Of course, McCall recognizes that the natural law needs to be interpreted in order to be applied, and he acknowledges that the interpretative process is subject to error, especially given the miasma of moral failings that cloud our judgments. For this very reason, he gives a central role to divine law, that is to say, scripture, as a corrective to our judgments about the natural law. As such, he seems to hold that scripture itself has legal standing, at least in some circumstances: “at least in extreme cases, human laws, of whatever origin, that compel a violation of the revealed divine law are not laws at all and must be refused” (238–39). Clearly, this approach would not be compatible with fundamental principles of the legal system in the United States and many other nations. This incompatibility, in itself, need not worry McCall. He might well reply, “so much the worse for the US legal system,” and propose his robustly theistic natural law jurisprudence as an alternative. At that point, the emerging debate would focus on the competing claims of contemporary liberalism and McCall's theistic jurisprudence. There is a moral case to be made for secular liberalism, and in order to advance his project, McCall would have to address it—perhaps a project for another book?

At any rate, McCall's appeal to divine law raises a more fundamental set of questions. Divine law, as he notes, is God's law as revealed in scripture (420). McCall's natural law jurisprudence presupposes that scripture will provide clear and definite guidelines to follow when our judgments of natural law are uncertain. But as an examination of scriptural texts makes plain, scripture is very far from offering a set of perspicuous moral guidelines.

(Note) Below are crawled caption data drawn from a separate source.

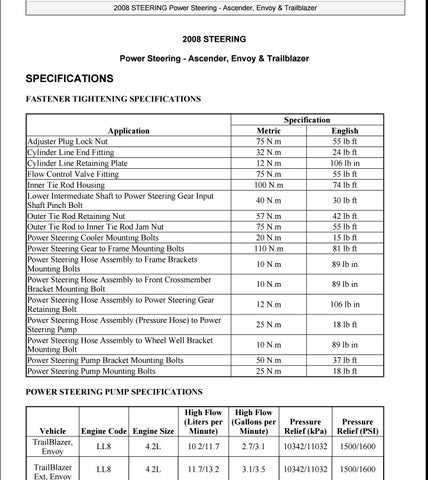 2003 trailblazer owners manual
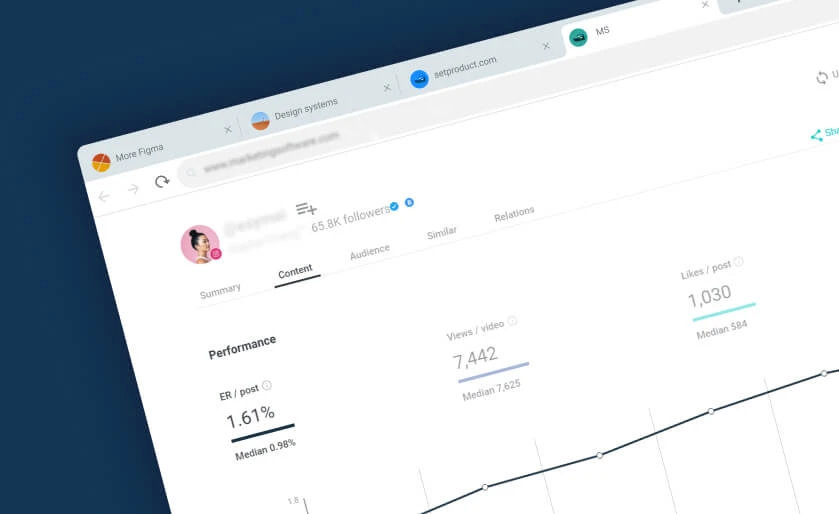 influencer marketing software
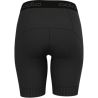  Odlo (black)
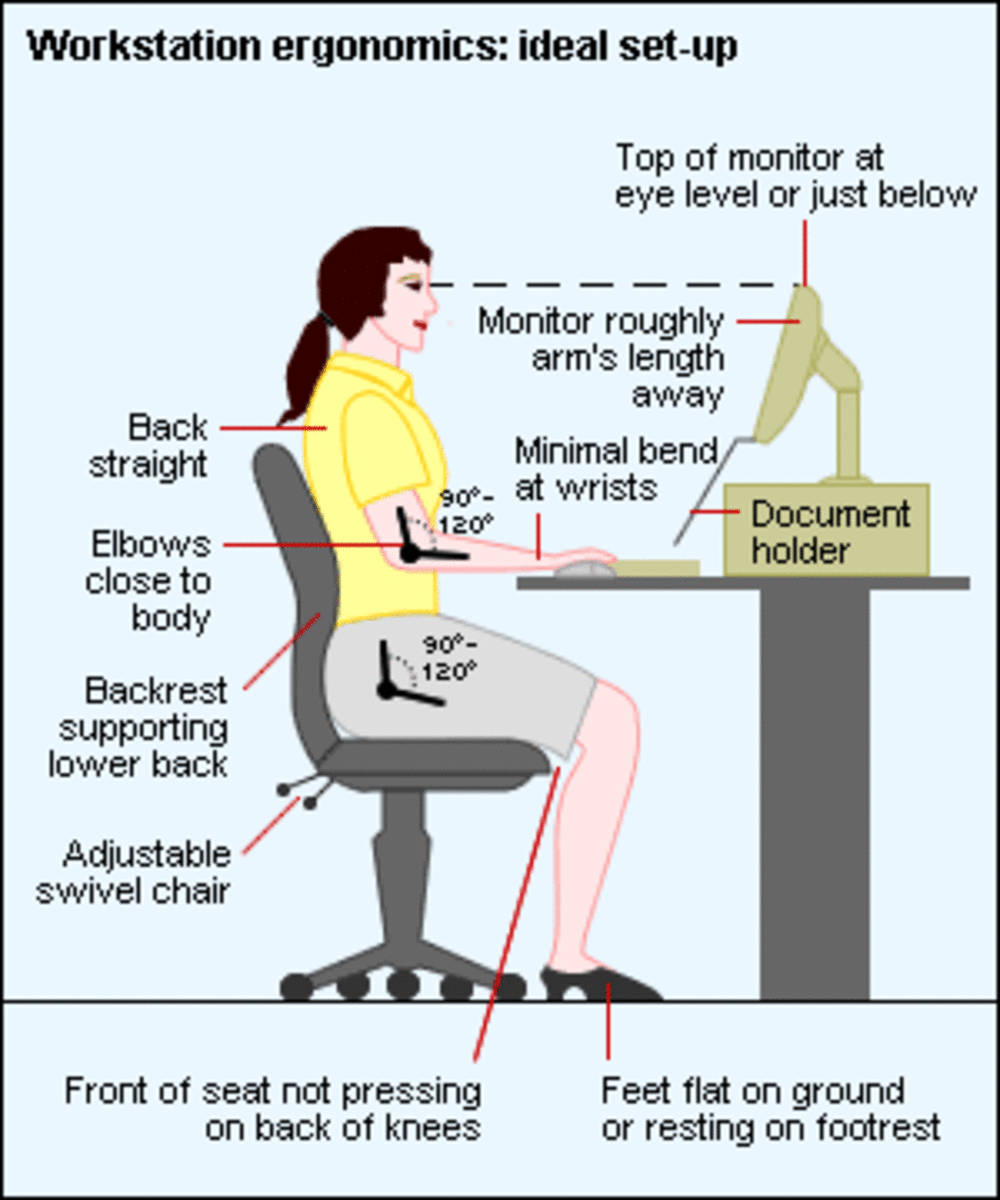 Desk ergonomics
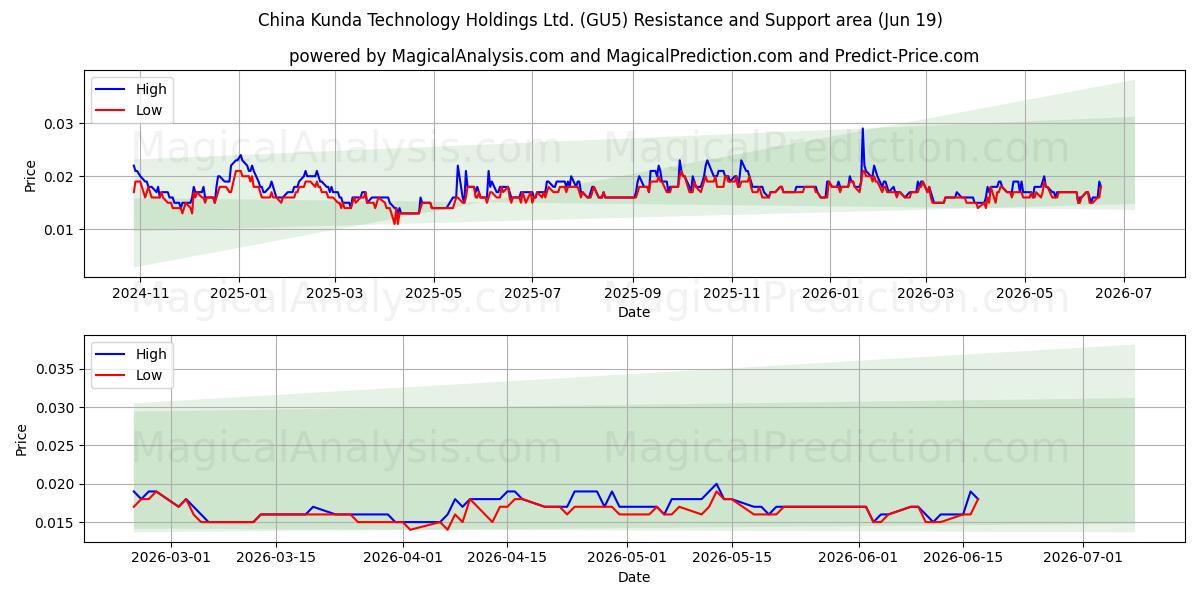  China Kunda Technology Holdings Ltd. (GU5) Support and Resistance area (18 Jun) 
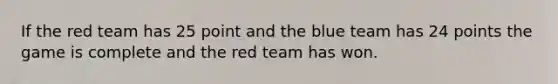 If the red team has 25 point and the blue team has 24 points the game is complete and the red team has won.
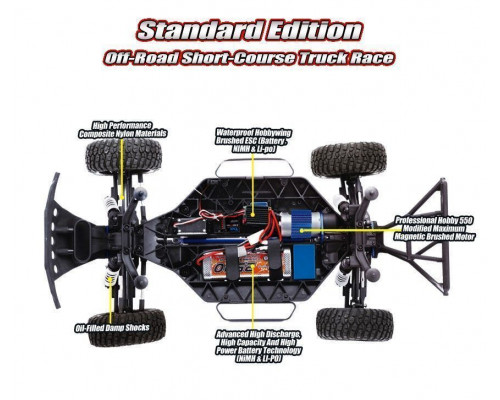 Радиоуправляемый шорт-корс Remo Hobby 9EMU (красный) 4WD 2.4G 1/8 RTR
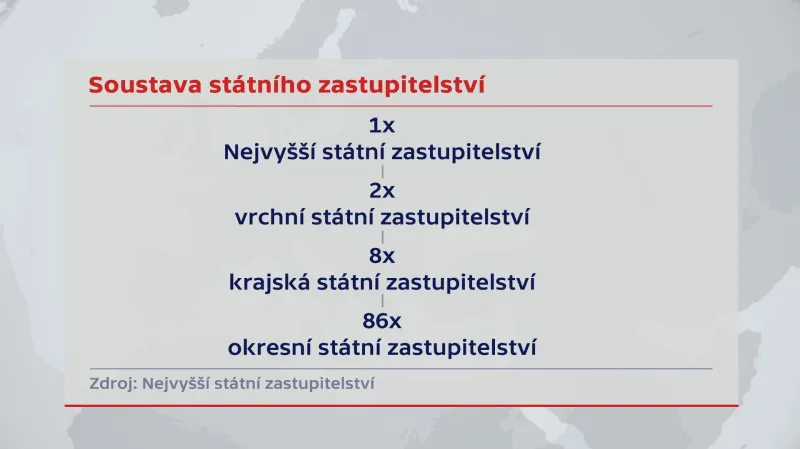 Soustava státního zastupitelství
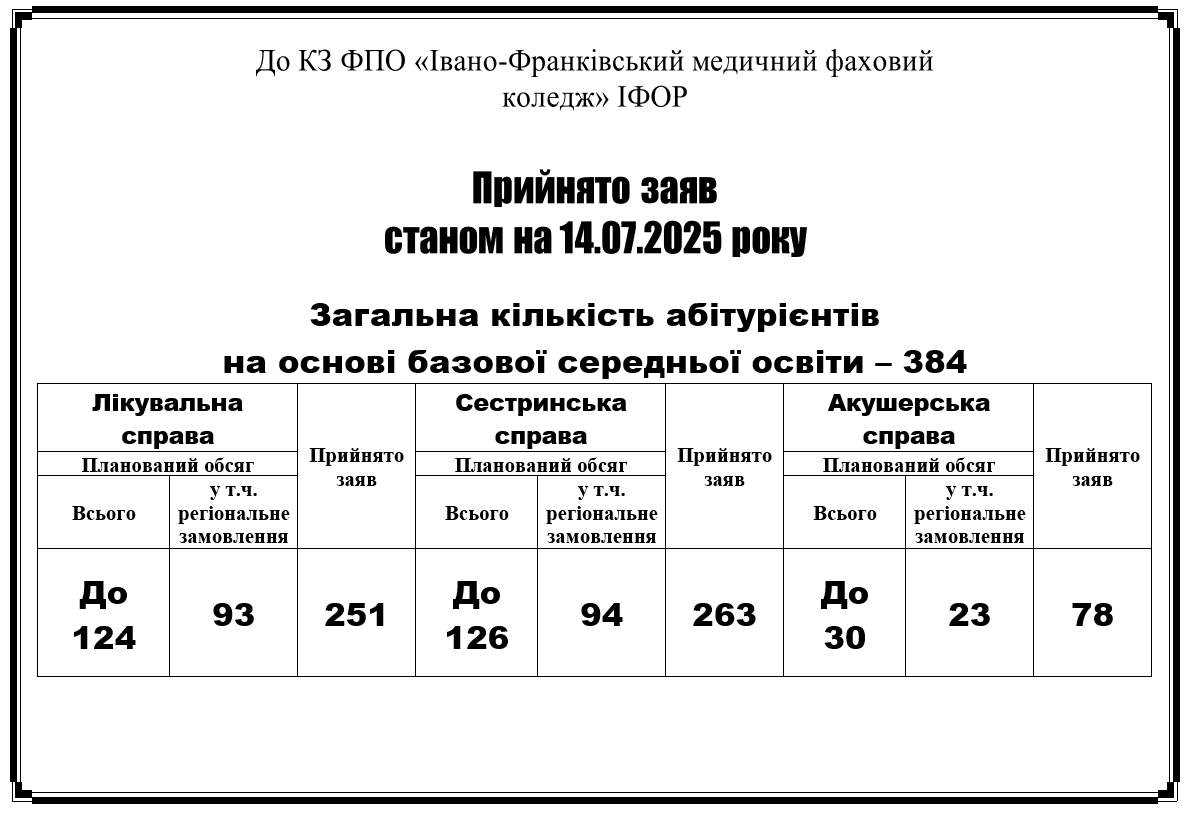 zajav1407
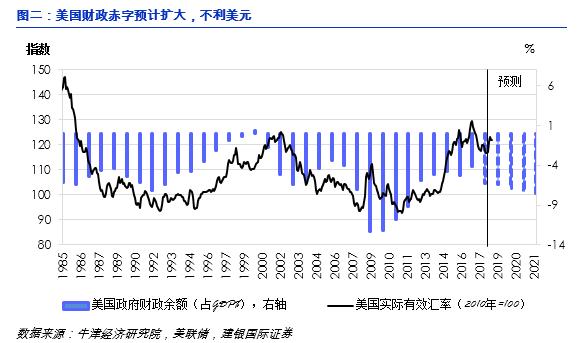 汇率下降人民币贬值_汇率币人民降低贬值是什么意思_汇率降低就是人民币贬值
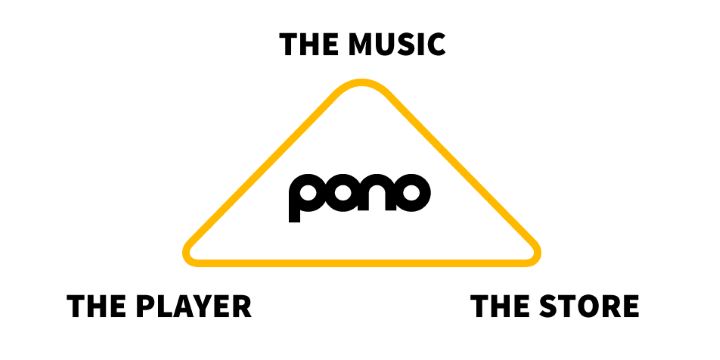 ponomusic_logo1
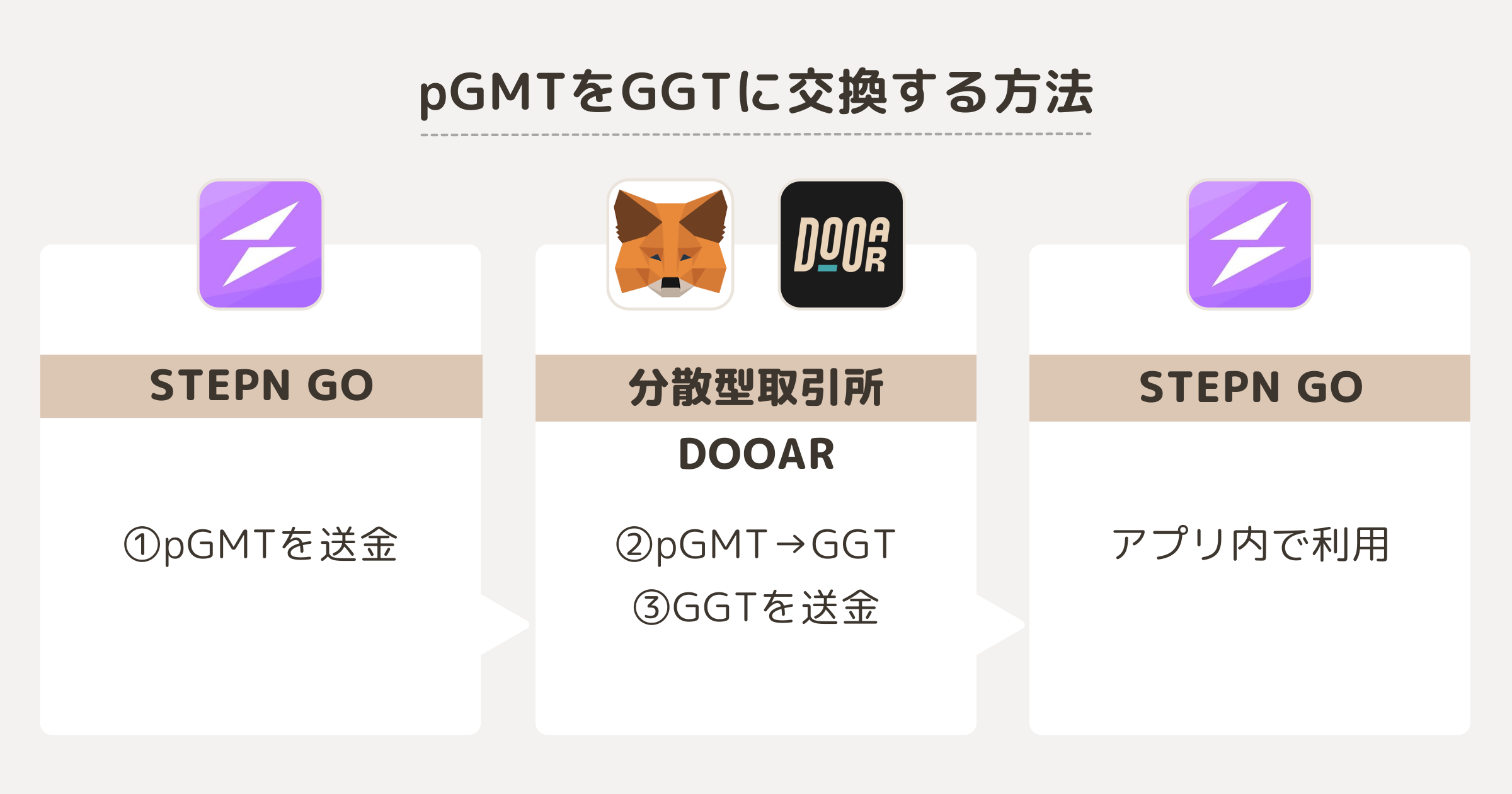 pGMTをGGTに交換する方法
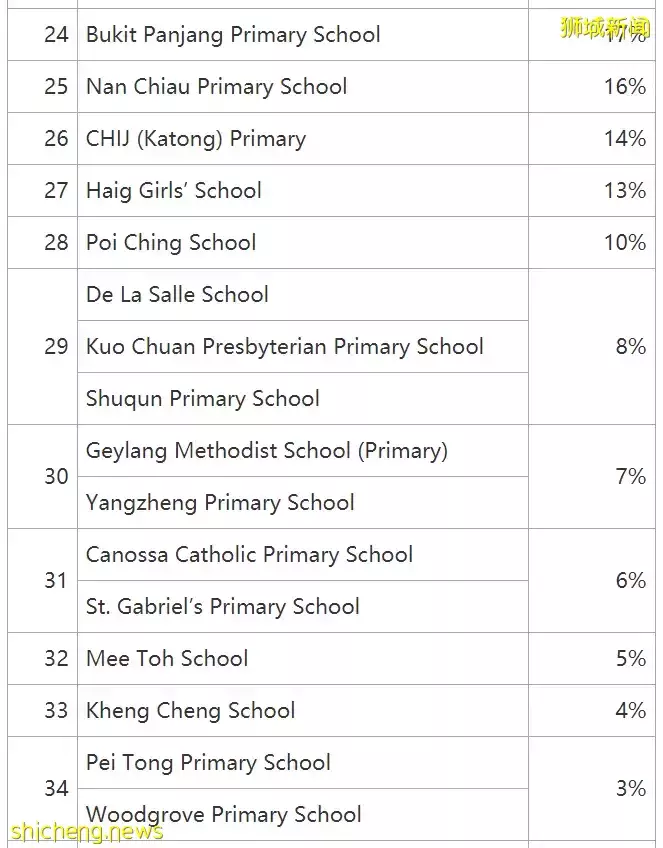 這篇文章，讓小學階段留學新加坡的學生，再也不用爲擇校而煩惱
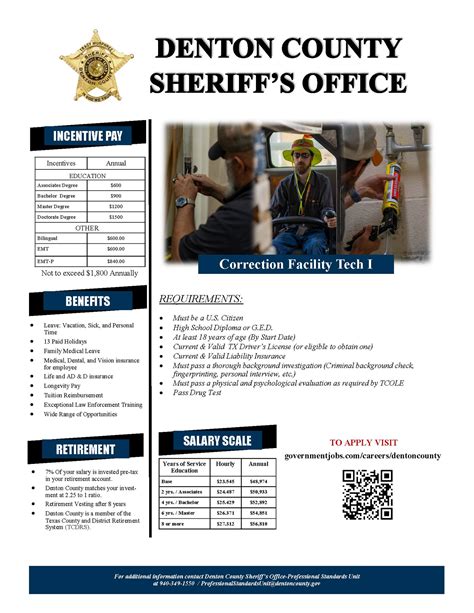 Denton county sheriff. .  <a href=https://abdysuerkulov.gov.kg/5ykexpwqu/aaustralian...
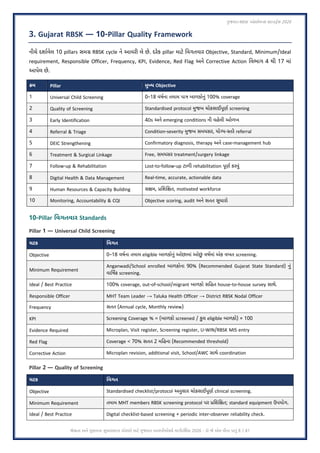 !ુજરાત RBSK એ(સેલ,સ -ટા,ડ01સ 2026
5ે6તા અને !ુણવ;ા <ુધારણાના ધોરણો માટે !ુજરાત આરબીએસકે માગEદGશIકા 2026 - ડૉ જે એલ મીના પાMું 8 / 41
3. Gujarat RBSK — 10-Pillar Quality Framework
નીચે દશા9વેલ 10 pillars સમr RBSK cycle ને આવર3 લે છે. દરેક pillar માટે Rવગતવાર Objective, Standard, Minimum/Ideal
requirement, Responsible Officer, Frequency, KPI, Evidence, Red Flag અને Corrective Action Rવભાગ 4 થી 17 માં
આપેલ છે.
@મ Pillar :ુ; Objective
1 Universal Child Screening 0–18 વષ0ના તમામ પા‹ બાળકોyું 100% coverage
2 Quality of Screening Standardised protocol jુજબ ચોકસાઈlૂણ0 screening
3 Early Identification 4Ds અને emerging conditions ની વહેલી ઓળખ
4 Referral & Triage Condition-severity jુજબ સમયસર, યો•ય-'તરે referral
5 DEIC Strengthening Confirmatory diagnosis, therapy અને case-management hub
6 Treatment & Surgical Linkage Free, સમયસર treatment/surgery linkage
7 Follow-up & Rehabilitation Lost-to-follow-up ટાળ• rehabilitation lૂણ0 કરNું
8 Digital Health & Data Management Real-time, accurate, actionable data
9 Human Resources & Capacity Building સ’મ, “]શ]’ત, motivated workforce
10 Monitoring, Accountability & CQI Objective scoring, audit અને સતત iુધારો
10-Pillar ;વગતવાર Standards
Pillar 1 — Universal Child Screening
ઘટક Eવગત
Objective 0–18 વષ0ના તમામ eligible બાળકોyું ઓછામાં ઓછુ• વષ0માં એક વખત screening.
Minimum Requirement
Anganwadi/School enrolled બાળકોના 90% (Recommended Gujarat State Standard) yું
વા~ષ•ક screening.
Ideal / Best Practice 100% coverage, out-of-school/migrant બાળકો સaહત house-to-house survey સાથે.
Responsible Officer MHT Team Leader → Taluka Health Officer → District RBSK Nodal Officer
Frequency સતત (Annual cycle, Monthly review)
KPI Screening Coverage % = (બાળકો screened / કુલ eligible બાળકો) × 100
Evidence Required Microplan, Visit register, Screening register, U-WIN/RBSK MIS entry
Red Flag Coverage < 70% સતત 2 મaહના (Recommended threshold)
Corrective Action Microplan revision, additional visit, School/AWC સાથે coordination
Pillar 2 — Quality of Screening
ઘટક Eવગત
Objective Standardised checklist/protocol અyુસાર ચોકસાઈlૂણ0 clinical screening.
Minimum Requirement તમામ MHT members RBSK screening protocol પર “]શ]’ત; standard equipment ઉપયોગ.
Ideal / Best Practice Digital checklist-based screening + periodic inter-observer reliability check.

A significant number of scriptural precepts are clearly dated or otherwise inapplicable to our lives today, for example, the laws pertaining to sacrifice; correlatively, scripture has nothing to say about many questions of urgent concern today, for example, abortion or climate change. Some scriptural precepts are, on their face, morally repugnant, for example, God's command to Israel to wipe out the entire population of the promised land (Deuteronomy 20.1–20), or the many precepts which presuppose, regulate, and reinforce slavery. In addition, there are a number of well-known tensions, if not outright contradictions, among different scriptural precepts. These difficulties have been recognized since late antiquity. Since the late nineteenth century, theologians have faced the further challenge of reconciling the status of scriptural texts as revelation with the clear evidence of their human origins. None of this necessarily implies that scripture is not revealed, or in some way a mediator of divine revelation. But these challenges would have to be addressed in order for divine law to play the role that it does in McCall's overall system. Again, this is perhaps a topic for another book.

At any rate, while looking forward to further engagement with these issues, we should be grateful for the book that McCall has written—a bold, thoughtful, and cogent defense of classical natural law theory and its relevance for the contemporary theory and practice of law. This book deserves wide attention from legal scholars as well as theologians and historians of law.